Once you have tested your code in a notebook or elsewhere, you may want to integrate it into Dataiku. Code recipes provide a way to run code on many different inputs/outputs (among datasets, managed folders, knowledge banks, and agents, for example). This way, your workflow integrates your specific needs. A code recipe can replace a visual recipe if you feel more comfortable using code.

IDE and Code Studio#

If you already use an IDE like Visual Studio Code or PyCharm on your client machine, installing the relevant extensions/plugins will allow you to connect it to your Dataiku instance and edit source code directly.

If you prefer editing your source code remotely, Dataiku can embed a Visual Studio Code editor directly in its interface. This option is based on the platform’s “Code Studios” feature and does not require any setup on your client machine since the platform fully manages it.

See also

VSCode/IntelliJ extension for Dataiku

PyCharm plugin for Dataiku

Code Studios

Managing dependencies#

Writing code often implies working with third-party packages that you must install separately. For example, in the case of Python, you would take advantage of virtual environments to create and import your dependencies.

In Dataiku, the equivalent of the virtual environment concept is called the code environment. It lets you choose which Python version and custom packages you want to run your code with. Once the code environment is set up, its dependencies can be imported from any code run by Dataiku.

Building a shared code base#

When writing code for a project, past a certain size and/or complexity threshold, it is essential to modularize it into classes and functions. By doing so, you also allow other users to import these items directly instead of re-implementing them. This concept of shared code repository is materialized in Dataiku in the form of project libraries.

Thanks to them, you can decouple your code’s logic (containing business/domain expertise) from the Dataiku-related code that handles workflow orchestration.

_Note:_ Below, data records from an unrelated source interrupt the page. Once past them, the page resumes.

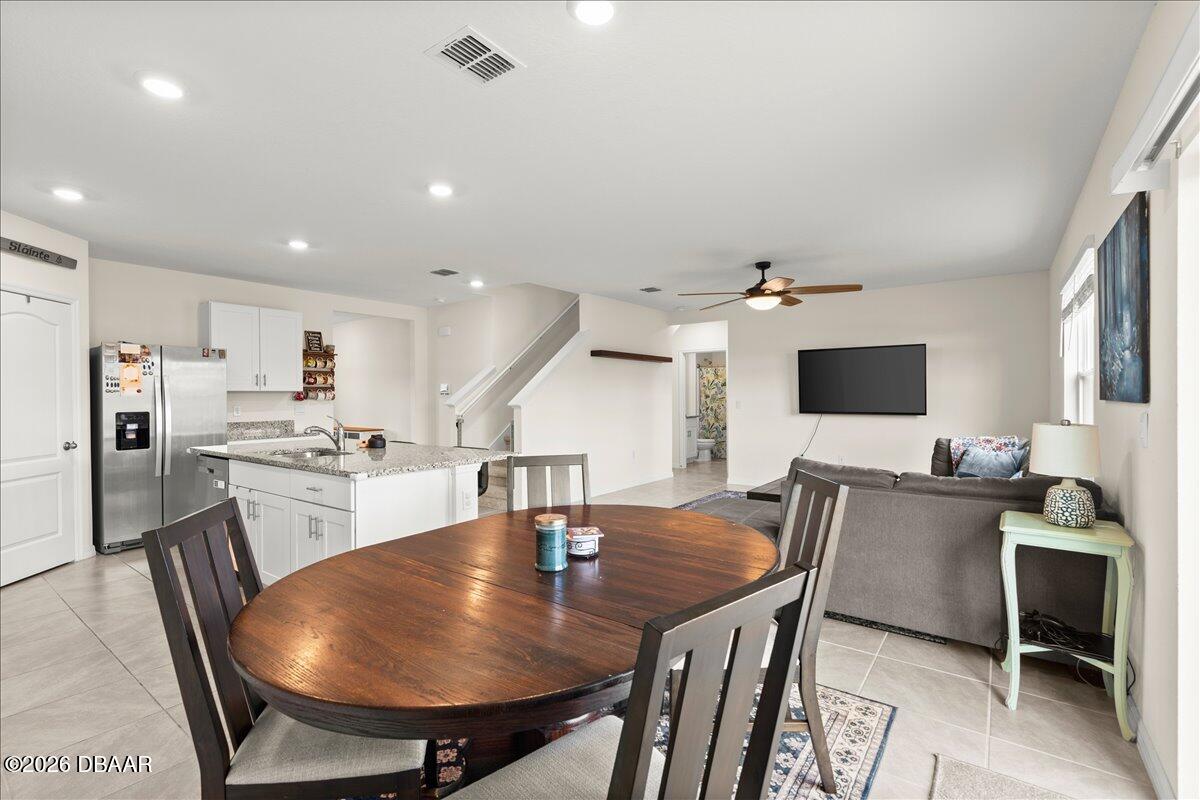 1317 Middle Lake Dr, Ormond Beach, FL 32174 photo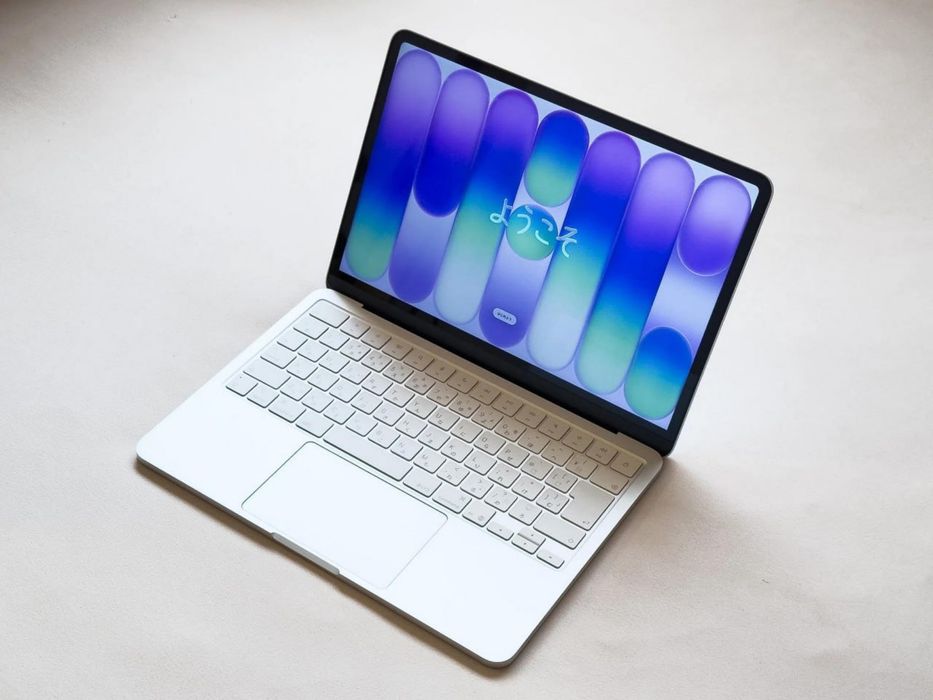 Apple Macbook Neo 13  NASIYA faqat
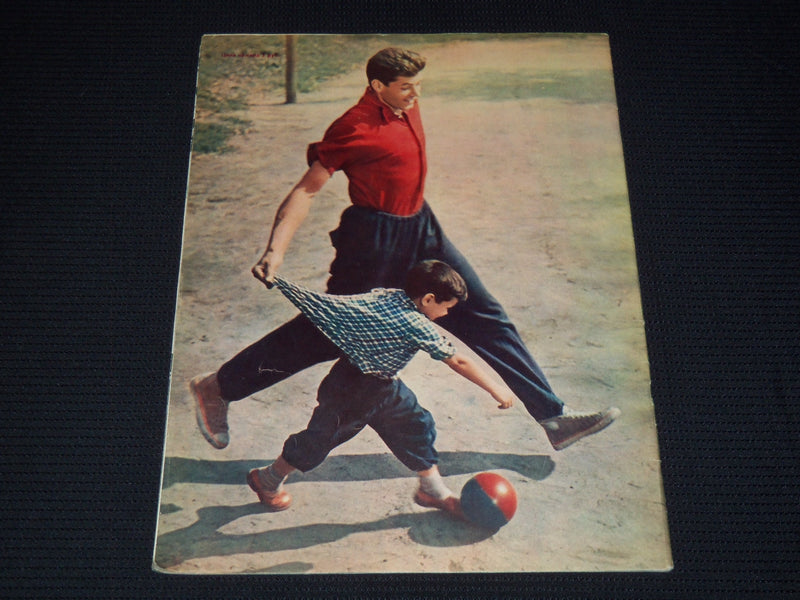 1960 OCTOBER 30 OGONEK RUSSIAN MAGAZINE - NICE COVER & PHOTOS - B 4128K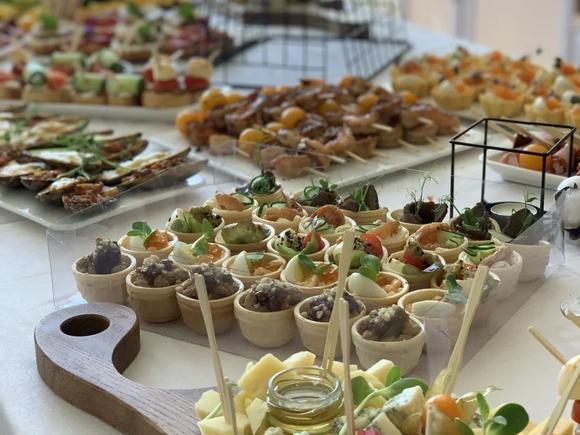 Фуршетный сет "60 разных закусок" на 10 персон в Тюмени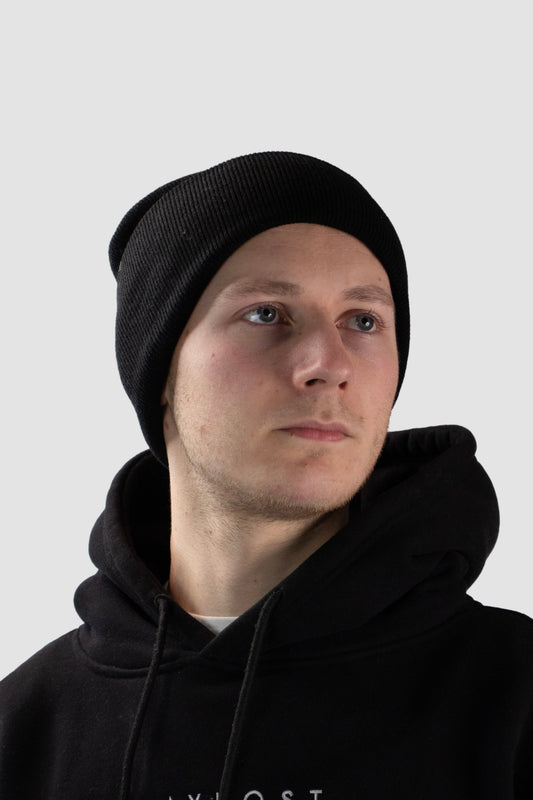 Simplicity Beanie - Pure Black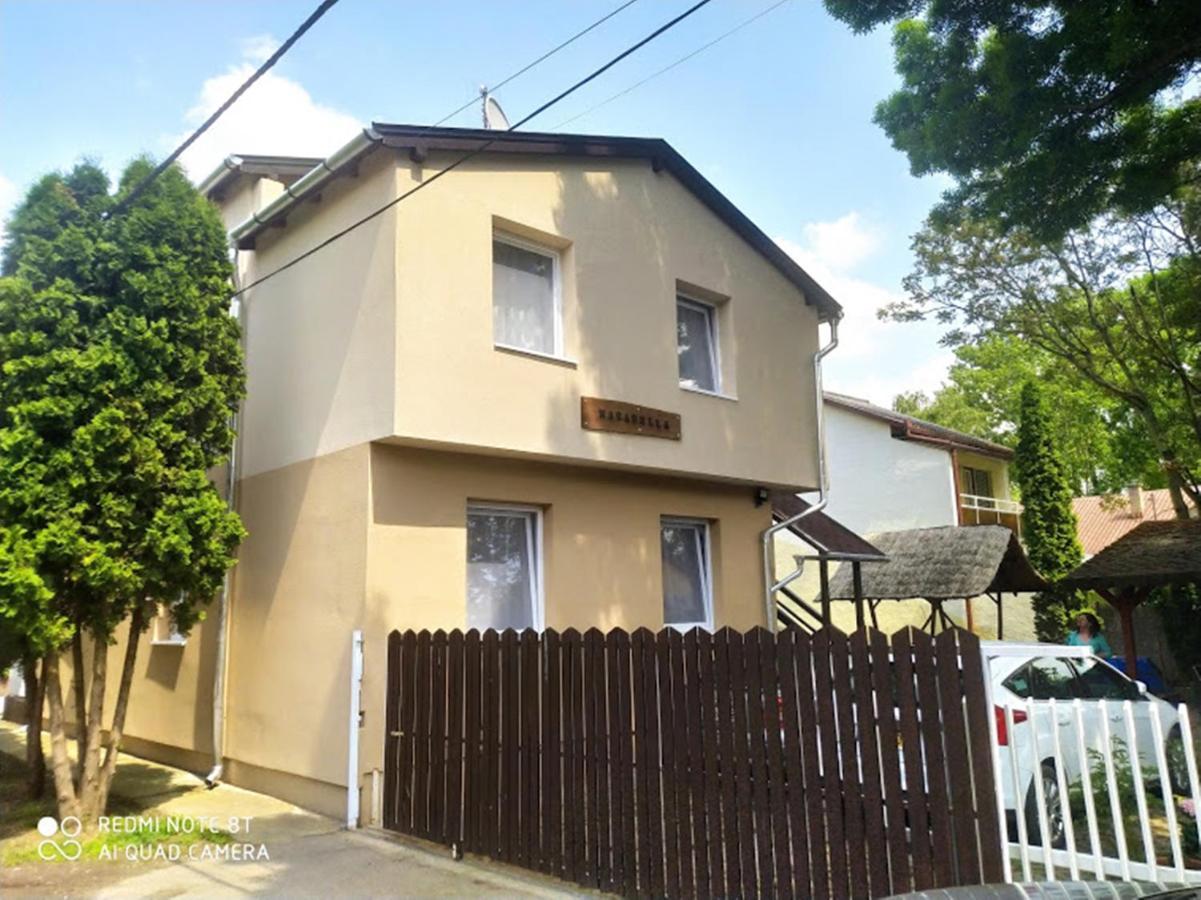 Marabella Apartmanok Hajdúszoboszló Екстериор снимка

Bringing an external code base#

As a new Dataiku user, you have already worked on an existing code base living independently from the instance. You can make the items of this code base directly importable in Dataiku by using a special feature of project libraries called “Git references.” Provided the external code is hosted on a remote Git repository, this feature allows you to pull a specific branch of that repository into Dataiku, which will be materialized into a project library.

By doing so, you can have your Dataiku workflows operate hand-in-hand with any external code repository.

Git integration#

Dataiku natively includes git operations. There are several ways to interact with git, from managing your code to managing your project. The documentation contains several guidelines for using git within Dataiku.